Collection entries:
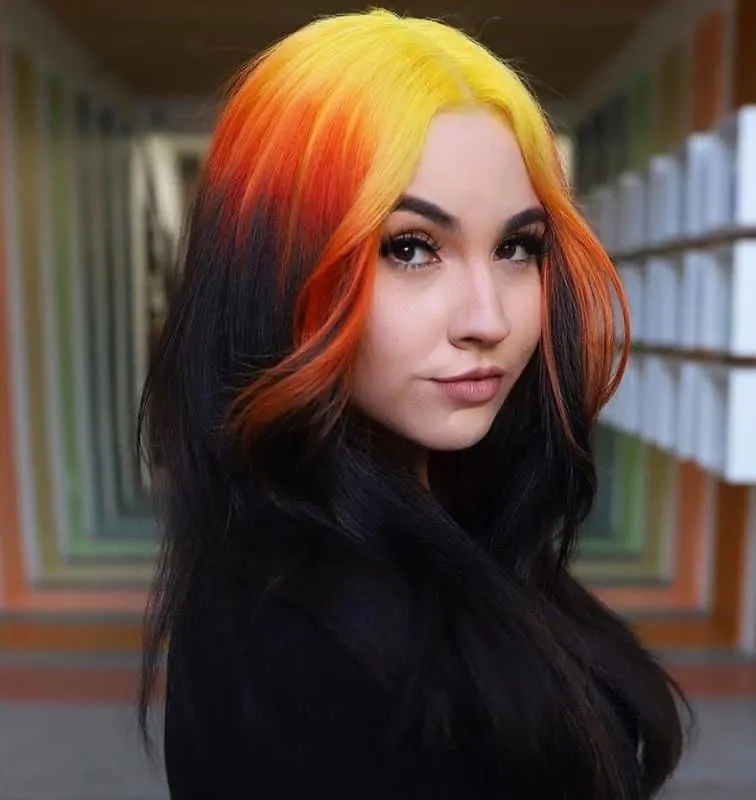 reverse yellow ombre hair
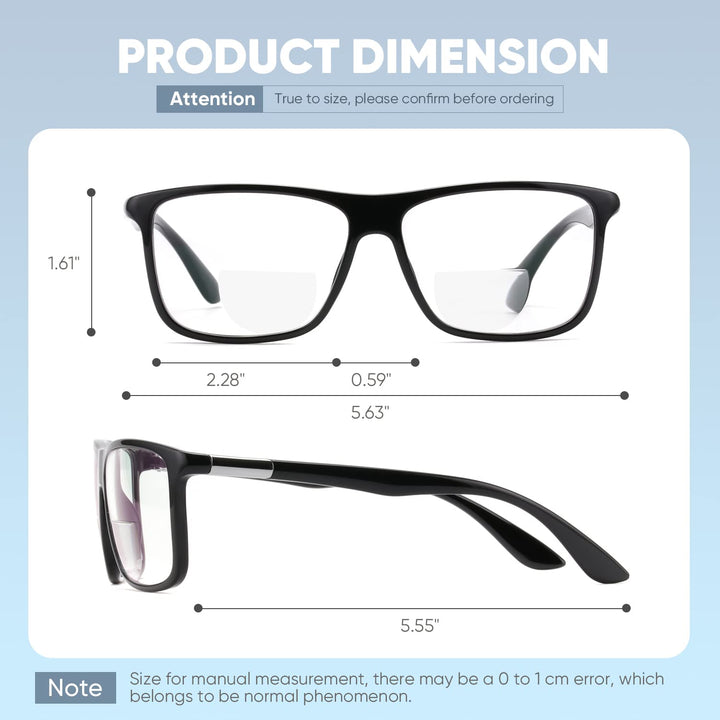 Matt Photochromic Bifocal Reader UV400 sunglasses driving black frame indoor outdoor skyoak 2213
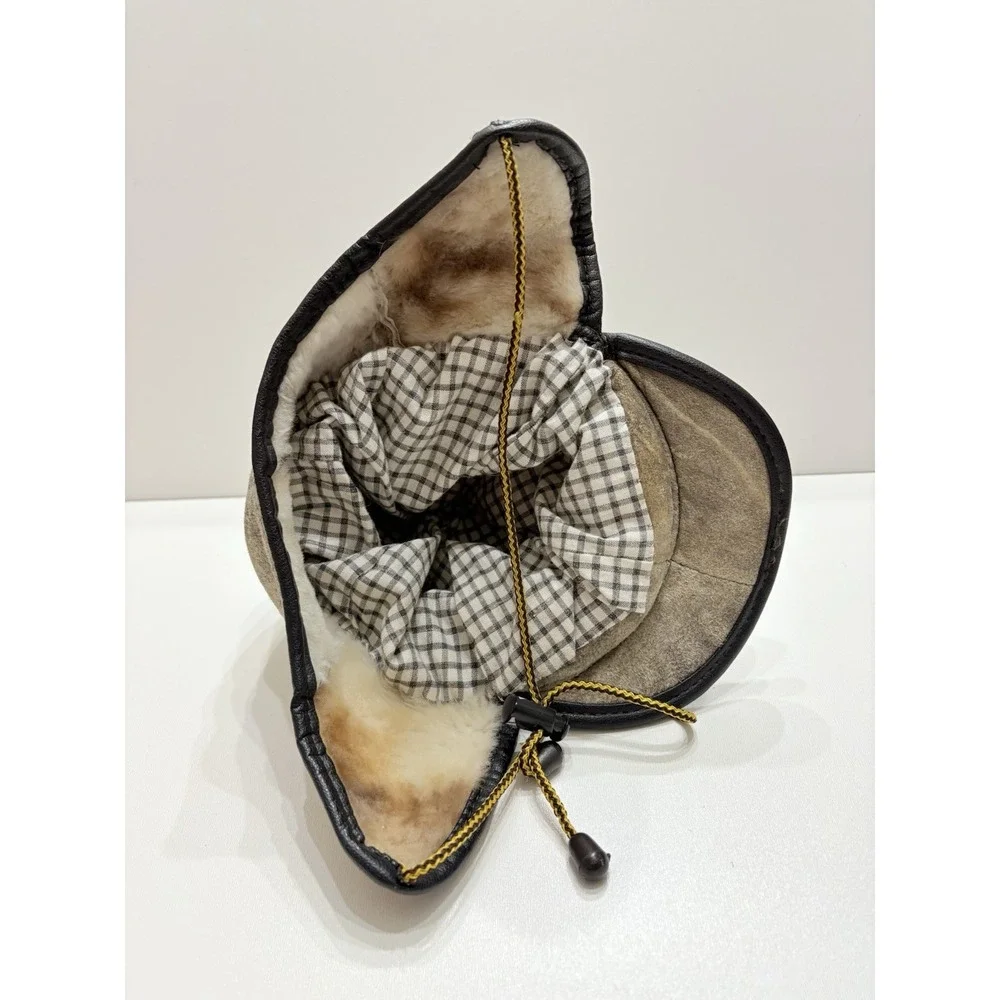 Vintage Hat Kids Toddler SHEARLING Sheepskin TRAPPER Suede Leather Aviator Pilot
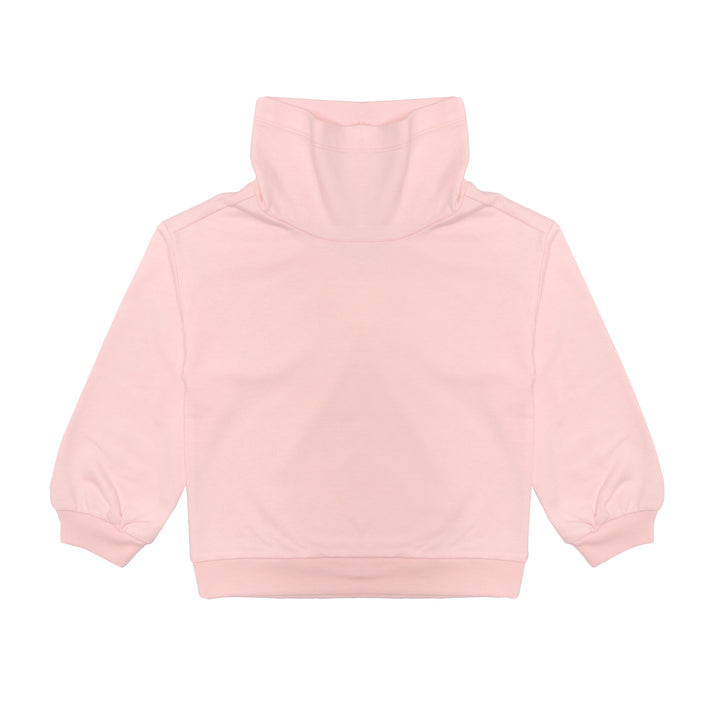 pink funnel neck sweatshirt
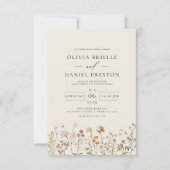 ボホ ワイルドフラワー ベージュ オールインワン QRコード ウェディング 招待状 (正面)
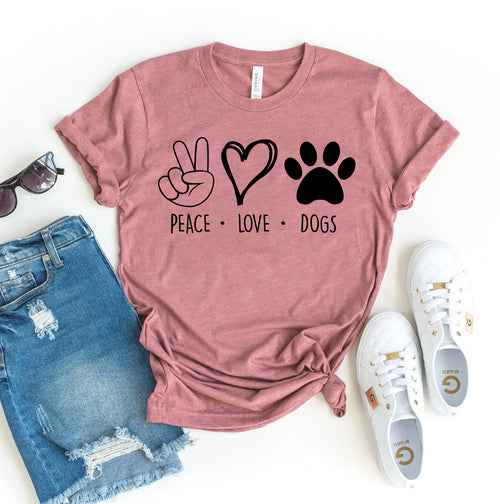 Peace Love Dogs slogan t-shirt — primary view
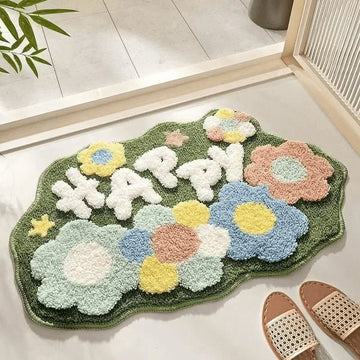 tapis sol décoratif mignon motif cartoon animaux fleurs doux absorbant salle bain maison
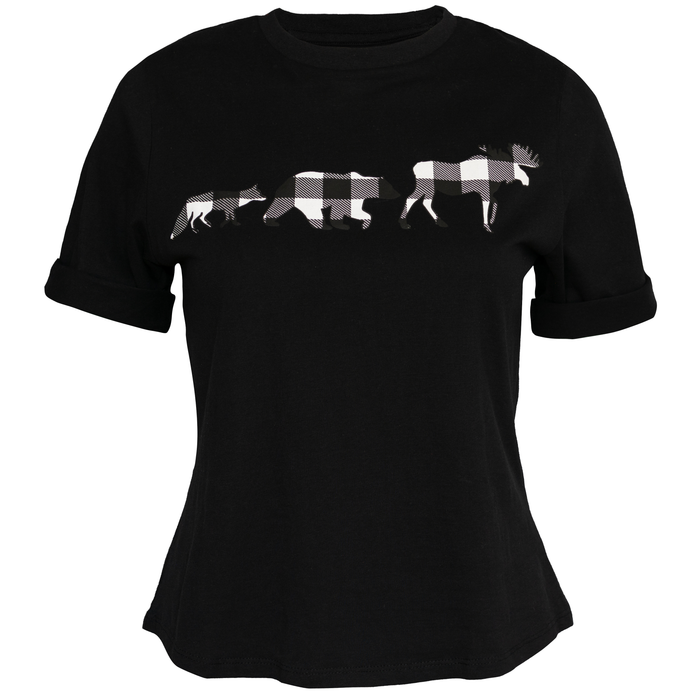 Ladies Petite Fit Black Buffalo 3 Animal T-Shirt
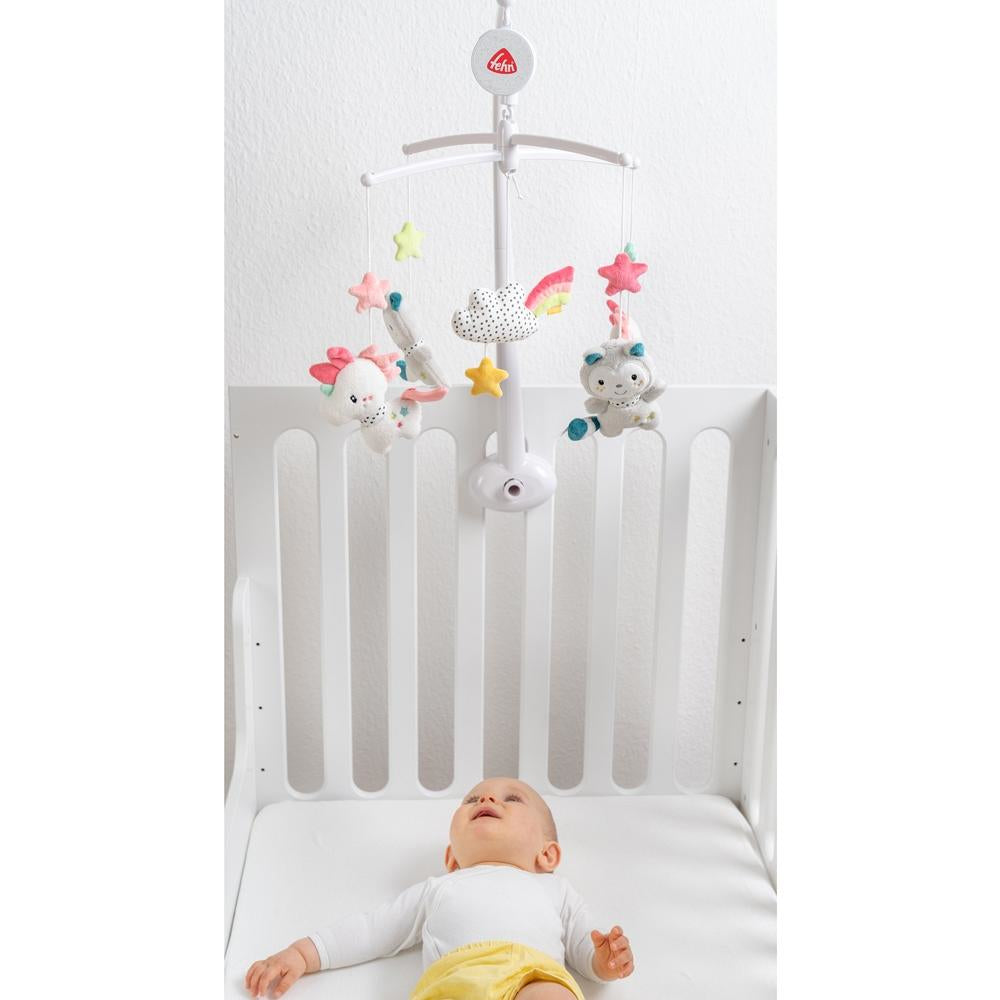 Fehn Musik-Mobile Einhorn & Katze – mit Musik, 11 Melodien – 40 × 40 cm – Plüsch – mehrfarbig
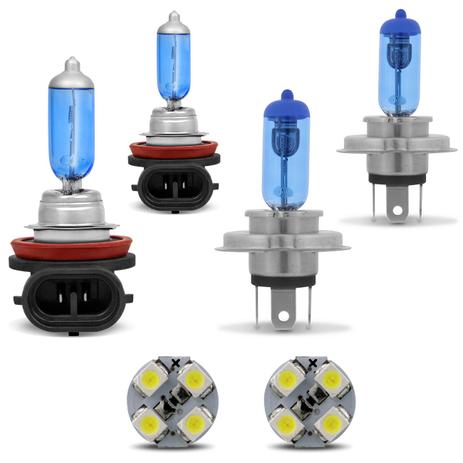 Kit Par Lâmpadas Super Brancas H4 H11 4200K + Par de Lâmpadas Pingo T10 Efeito Xênon - Prime Menor preço em Kit Par Lâmpadas Super Brancas H4 H11 4200K + Par de Lâmpadas Pingo T10 Efeito Xênon - Prime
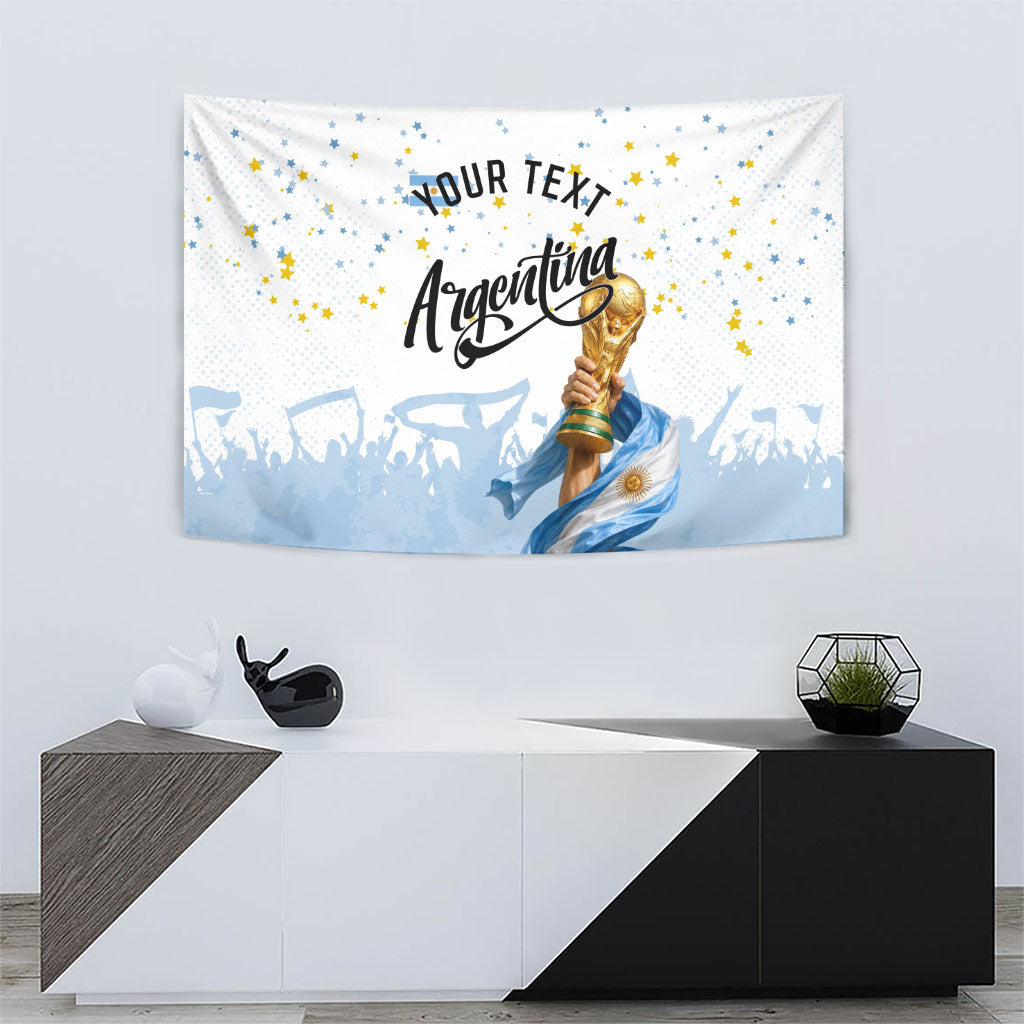 Personalized Argentina Football Tapestry Soccer Trophy Celebration Flag Graphic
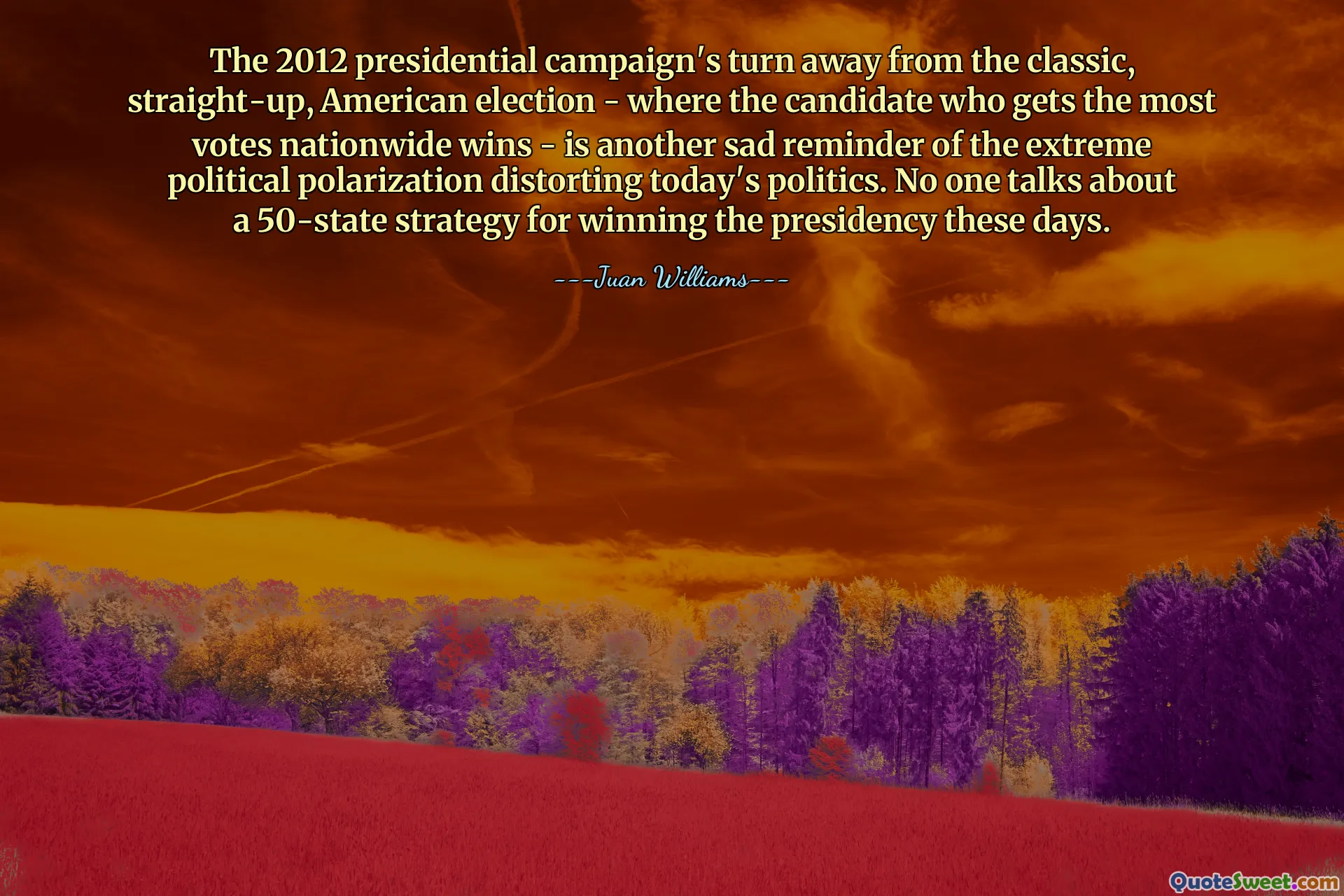 2012年の大統領選挙陣営が、全米で最も多くの票を獲得した候補者が勝利するという伝統的で正統派のアメリカ選挙からの転換は、今日の政治を歪めている極度の政治的二極化を再び思い出させる悲しい出来事である。最近では大統領選に勝つための50州戦略について語る人はいない。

Assignment: Give every entry above again, exactly, and keep all pictures out of it.

Reply:
 reverse yellow ombre hair
 Matt Photochromic Bifocal Reader UV400 sunglasses driving black frame indoor outdoor skyoak 2213
 Vintage Hat Kids Toddler SHEARLING Sheepskin TRAPPER Suede Leather Aviator Pilot
 pink funnel neck sweatshirt
 ボホ ワイルドフラワー ベージュ オールインワン QRコード ウェディング 招待状 (正面)
 Peace Love Dogs slogan t-shirt — primary view
 tapis sol décoratif mignon motif cartoon animaux fleurs doux absorbant salle bain maison
 Ladies Petite Fit Black Buffalo 3 Animal T-Shirt
 Fehn Musik-Mobile Einhorn & Katze – mit Musik, 11 Melodien – 40 × 40 cm – Plüsch – mehrfarbig
 Kit Par Lâmpadas Super Brancas H4 H11 4200K + Par de Lâmpadas Pingo T10 Efeito Xênon - Prime Menor preço em Kit Par Lâmpadas Super Brancas H4 H11 4200K + Par de Lâmpadas Pingo T10 Efeito Xênon - Prime
 Personalized Argentina Football Tapestry Soccer Trophy Celebration Flag Graphic
 2012年の大統領選挙陣営が、全米で最も多くの票を獲得した候補者が勝利するという伝統的で正統派のアメリカ選挙からの転換は、今日の政治を歪めている極度の政治的二極化を再び思い出させる悲しい出来事である。最近では大統領選に勝つための50州戦略について語る人はいない。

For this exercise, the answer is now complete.